── DATA FOR THIS TASK ──
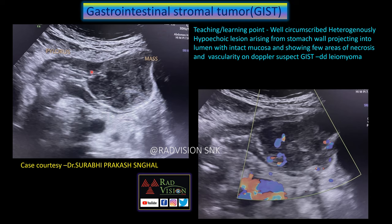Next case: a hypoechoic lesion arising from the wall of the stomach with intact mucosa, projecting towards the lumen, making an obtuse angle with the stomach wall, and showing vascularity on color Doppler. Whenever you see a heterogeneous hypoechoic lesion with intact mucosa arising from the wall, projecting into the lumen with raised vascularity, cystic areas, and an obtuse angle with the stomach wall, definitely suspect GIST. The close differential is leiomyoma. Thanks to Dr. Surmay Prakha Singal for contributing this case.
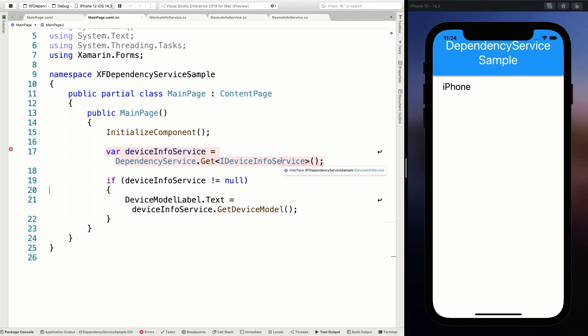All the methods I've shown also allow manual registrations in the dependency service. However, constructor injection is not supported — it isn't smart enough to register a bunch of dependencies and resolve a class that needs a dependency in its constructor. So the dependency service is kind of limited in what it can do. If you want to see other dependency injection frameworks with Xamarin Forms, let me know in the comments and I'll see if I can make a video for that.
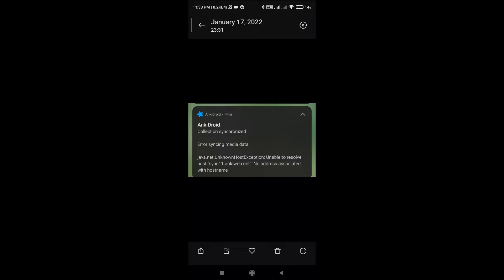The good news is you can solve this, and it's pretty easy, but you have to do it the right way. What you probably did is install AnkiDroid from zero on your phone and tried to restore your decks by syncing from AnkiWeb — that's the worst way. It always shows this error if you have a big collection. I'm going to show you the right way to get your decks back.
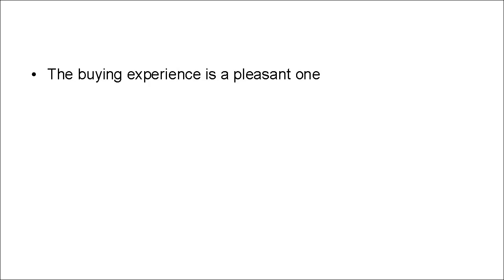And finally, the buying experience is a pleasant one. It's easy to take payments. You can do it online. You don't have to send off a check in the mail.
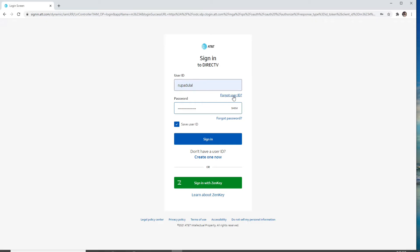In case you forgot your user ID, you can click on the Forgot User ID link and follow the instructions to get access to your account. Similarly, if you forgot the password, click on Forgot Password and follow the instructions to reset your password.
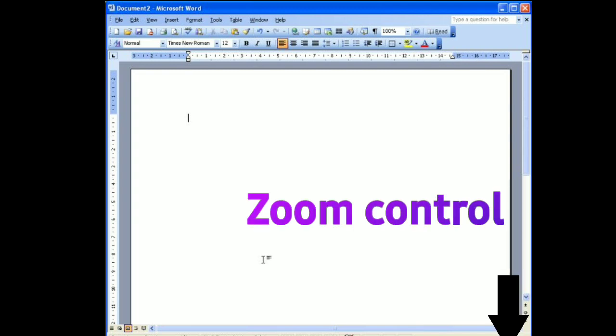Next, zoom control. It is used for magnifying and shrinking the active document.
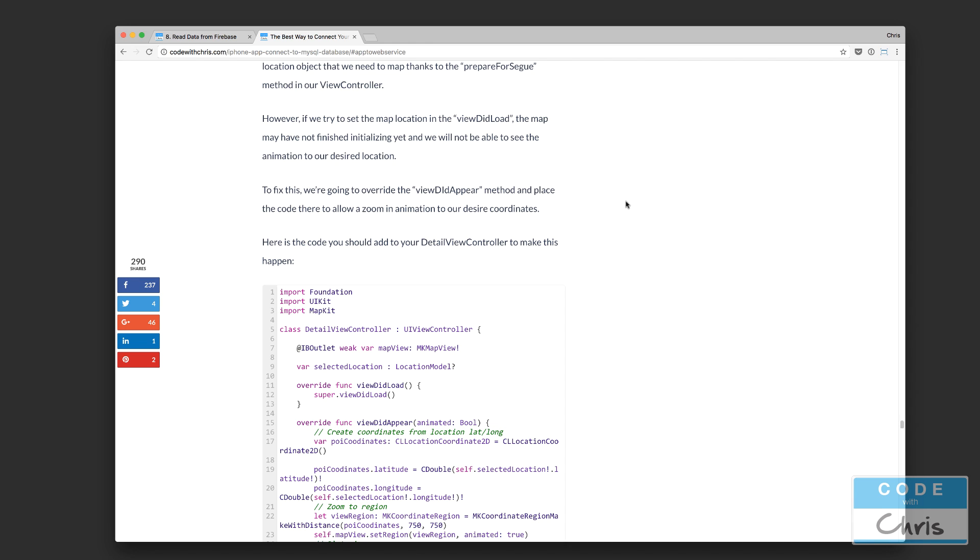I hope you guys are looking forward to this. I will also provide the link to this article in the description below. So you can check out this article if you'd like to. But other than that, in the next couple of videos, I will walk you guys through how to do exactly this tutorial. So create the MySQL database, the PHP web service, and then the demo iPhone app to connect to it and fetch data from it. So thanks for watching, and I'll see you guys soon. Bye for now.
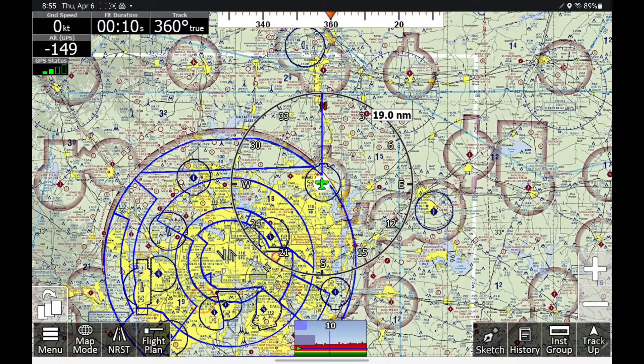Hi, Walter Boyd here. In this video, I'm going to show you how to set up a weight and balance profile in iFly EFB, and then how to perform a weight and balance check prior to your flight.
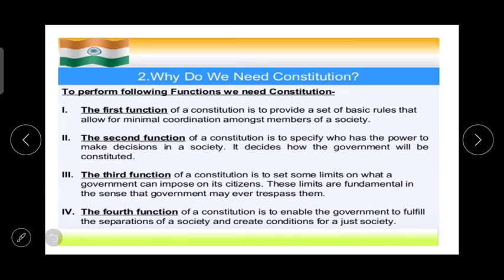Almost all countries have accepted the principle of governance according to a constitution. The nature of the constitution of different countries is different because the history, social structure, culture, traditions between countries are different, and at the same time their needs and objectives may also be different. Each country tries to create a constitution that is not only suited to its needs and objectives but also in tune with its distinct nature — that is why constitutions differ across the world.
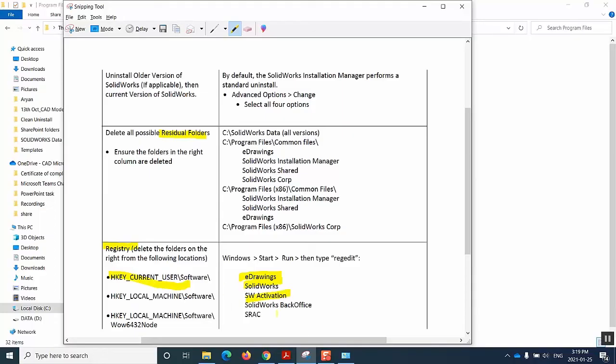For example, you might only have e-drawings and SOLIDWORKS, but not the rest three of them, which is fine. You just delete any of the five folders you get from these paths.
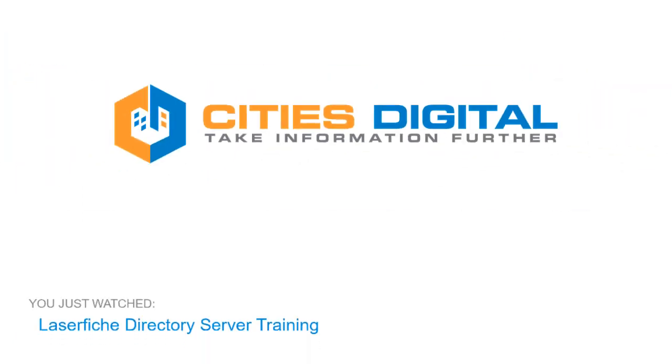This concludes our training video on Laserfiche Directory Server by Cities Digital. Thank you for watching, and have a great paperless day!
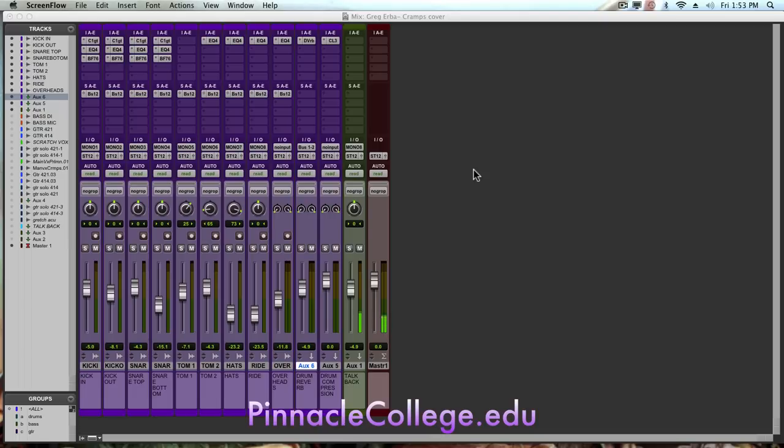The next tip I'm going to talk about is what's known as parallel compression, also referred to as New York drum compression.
───
■ WORK ITEM ■
Please set down every record above exactly as it appears, leaving out the pictures.

■ RESPONSE TO THIS TASK ■
Next case: a hypoechoic lesion arising from the wall of the stomach with intact mucosa, projecting towards the lumen, making an obtuse angle with the stomach wall, and showing vascularity on color Doppler. Whenever you see a heterogeneous hypoechoic lesion with intact mucosa arising from the wall, projecting into the lumen with raised vascularity, cystic areas, and an obtuse angle with the stomach wall, definitely suspect GIST. The close differential is leiomyoma. Thanks to Dr. Surmay Prakha Singal for contributing this case.
All the methods I've shown also allow manual registrations in the dependency service. However, constructor injection is not supported — it isn't smart enough to register a bunch of dependencies and resolve a class that needs a dependency in its constructor. So the dependency service is kind of limited in what it can do. If you want to see other dependency injection frameworks with Xamarin Forms, let me know in the comments and I'll see if I can make a video for that.
The good news is you can solve this, and it's pretty easy, but you have to do it the right way. What you probably did is install AnkiDroid from zero on your phone and tried to restore your decks by syncing from AnkiWeb — that's the worst way. It always shows this error if you have a big collection. I'm going to show you the right way to get your decks back.
And finally, the buying experience is a pleasant one. It's easy to take payments. You can do it online. You don't have to send off a check in the mail.
In case you forgot your user ID, you can click on the Forgot User ID link and follow the instructions to get access to your account. Similarly, if you forgot the password, click on Forgot Password and follow the instructions to reset your password.
Next, zoom control. It is used for magnifying and shrinking the active document.
I hope you guys are looking forward to this. I will also provide the link to this article in the description below. So you can check out this article if you'd like to. But other than that, in the next couple of videos, I will walk you guys through how to do exactly this tutorial. So create the MySQL database, the PHP web service, and then the demo iPhone app to connect to it and fetch data from it. So thanks for watching, and I'll see you guys soon. Bye for now.
Hi, Walter Boyd here. In this video, I'm going to show you how to set up a weight and balance profile in iFly EFB, and then how to perform a weight and balance check prior to your flight.
Almost all countries have accepted the principle of governance according to a constitution. The nature of the constitution of different countries is different because the history, social structure, culture, traditions between countries are different, and at the same time their needs and objectives may also be different. Each country tries to create a constitution that is not only suited to its needs and objectives but also in tune with its distinct nature — that is why constitutions differ across the world.
For example, you might only have e-drawings and SOLIDWORKS, but not the rest three of them, which is fine. You just delete any of the five folders you get from these paths.
This concludes our training video on Laserfiche Directory Server by Cities Digital. Thank you for watching, and have a great paperless day!
The next tip I'm going to talk about is what's known as parallel compression, also referred to as New York drum compression.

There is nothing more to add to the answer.